You are probably looking for this:









(30 amp breaker)

It's very similar to a stove, so make sure you get the right one. A stove one looks like this:









(40 amp breaker)


----------



## snapp (May 18, 2010)

wow thanks all.im in mich. yes it is a combo. it appears that i brought the right outlet in picture someone had a picture on how the wires connect in outlet but now i cant find it


----------



## Sparky8370 (Jan 7, 2009)

Screws should be color coded. Green for ground, silver for neutral, brass for hots.


----------



## boman47k (Aug 25, 2006)

Black to one side, red to one side, white in the middle,and green to the cabinet on the pigtail. This on the dryer end. If I remember correctly, the green will go to the top on the rec end.

Im not sure I would go tot he trouble of running a new 4 wire circuit when I could just use a 3 wire cord.. May have to add a ground strap on the dry power block if the new dryer does not have a ground strap. *If* the new dryer does have a ground strap, and you do run a new 4 wire , remove the strap and attach the green wire in its place.
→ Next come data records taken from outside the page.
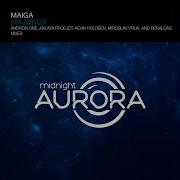 Maiga Majorca Original Mix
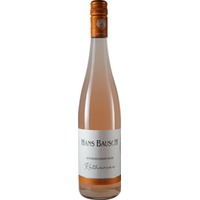 Hans Bausch Rosé Katharina trocken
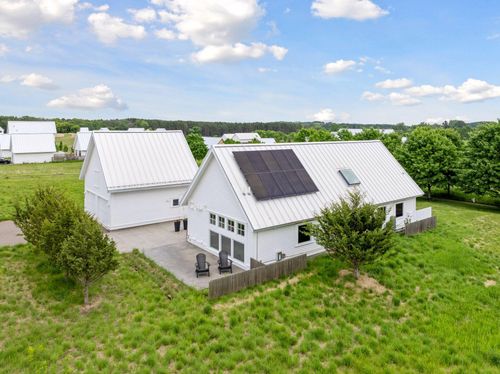 189 Kingfisher Ln, Marine On Saint Croix, MN, 55047-8643 | Card Image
The ground strap is usually a flat piece of copper from the dryer case to the power block. I am not sure a new dryer will have this strap, since they are designed for 4 wire.


----------



## snapp (May 18, 2010)

well im still alive and all work well


----------



## boman47k (Aug 25, 2006)

So you put the 3 wire cord on it?


----------



## snapp (May 18, 2010)

no i ran the 4 wire but i did go back to take dryer ground off. but can the plug be mounted side ways? it was easier to run that way to avoid water pipes


----------



## boman47k (Aug 25, 2006)

I know of no reason the positioning of the plug would matter as long as the wires are not in a bind or too sharp of a turn.


----------



## boman47k (Aug 25, 2006)

What did you do with the ground wire? It has to be grounded to the cabinet in some way. Since you went with the 4 wire cord, if the dryer has a terminal for the green grnd, that terminal may need the grnd strap to be connected to the cabinet. You remove the strap from the cabinet when you put a 4 cord on a dryer that had a 3 cord and still had a 3 cord power block. 

We also got a new Samsung, but I cannot picture the power block on it. I'm not even sure now if I put the cord on it. A lady had bought it, or the washer, and decided she wanted a different color. I got a good deal on it since it had been returned. It may have had the cord on it. I still have a few new 4 wire pigtails in the shop. I just can't recall if I put one on the new dryer. 

This getting old is not fun.


----------



## snapp (May 18, 2010)

oh my bag got it mix up i put it back thanks again


----------